Task goal:
From the line holding "Apa rahasia hidung" through the line holding "artikelnya di sini!" below, write out every line exactly; include both of those lines and drop the pictures.

Records provided:

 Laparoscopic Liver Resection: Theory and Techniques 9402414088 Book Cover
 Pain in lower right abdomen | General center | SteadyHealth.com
--
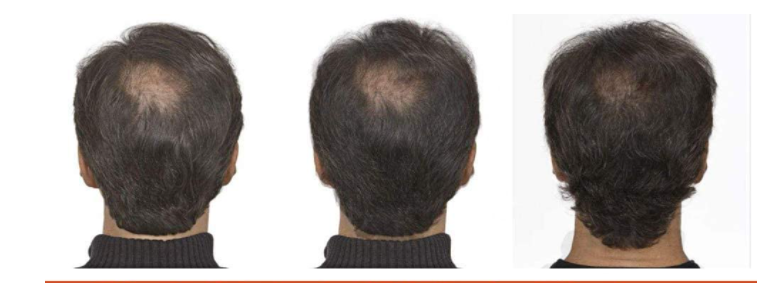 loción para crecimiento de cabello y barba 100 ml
* * *
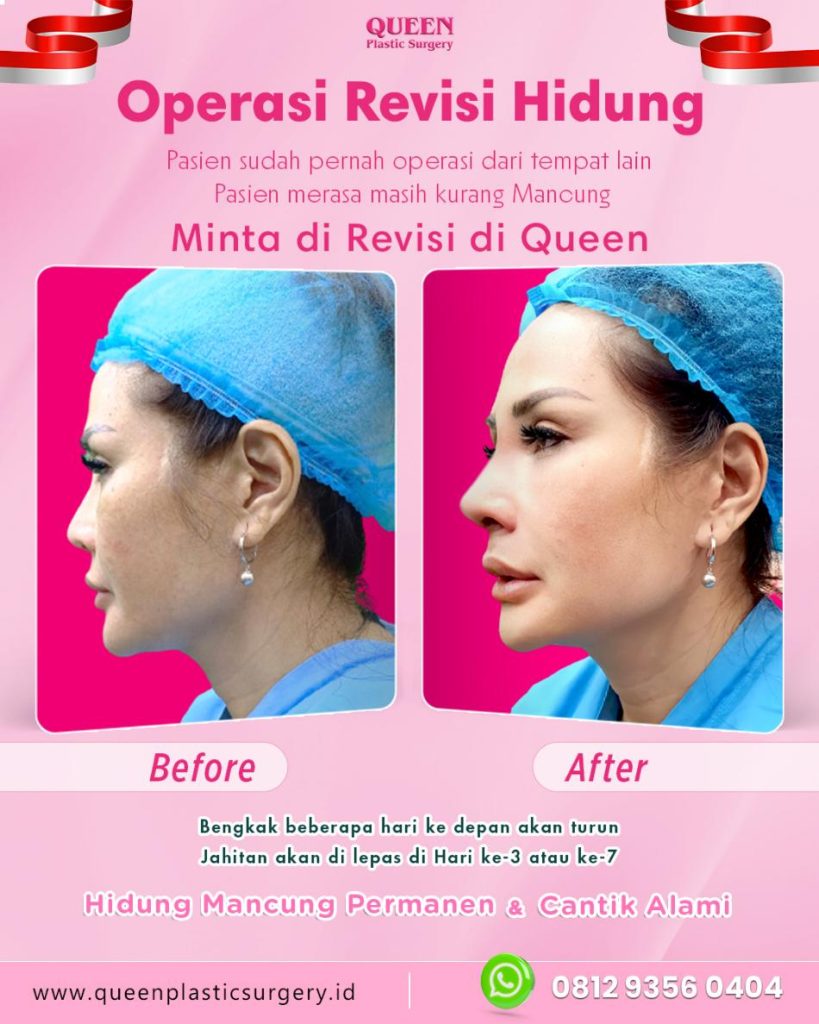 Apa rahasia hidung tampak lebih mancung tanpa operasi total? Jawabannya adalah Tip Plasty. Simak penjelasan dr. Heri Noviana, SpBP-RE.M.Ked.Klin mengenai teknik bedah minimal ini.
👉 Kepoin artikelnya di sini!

Problem solution:
 Apa rahasia hidung tampak lebih mancung tanpa operasi total? Jawabannya adalah Tip Plasty. Simak penjelasan dr. Heri Noviana, SpBP-RE.M.Ked.Klin mengenai teknik bedah minimal ini.
👉 Kepoin artikelnya di sini!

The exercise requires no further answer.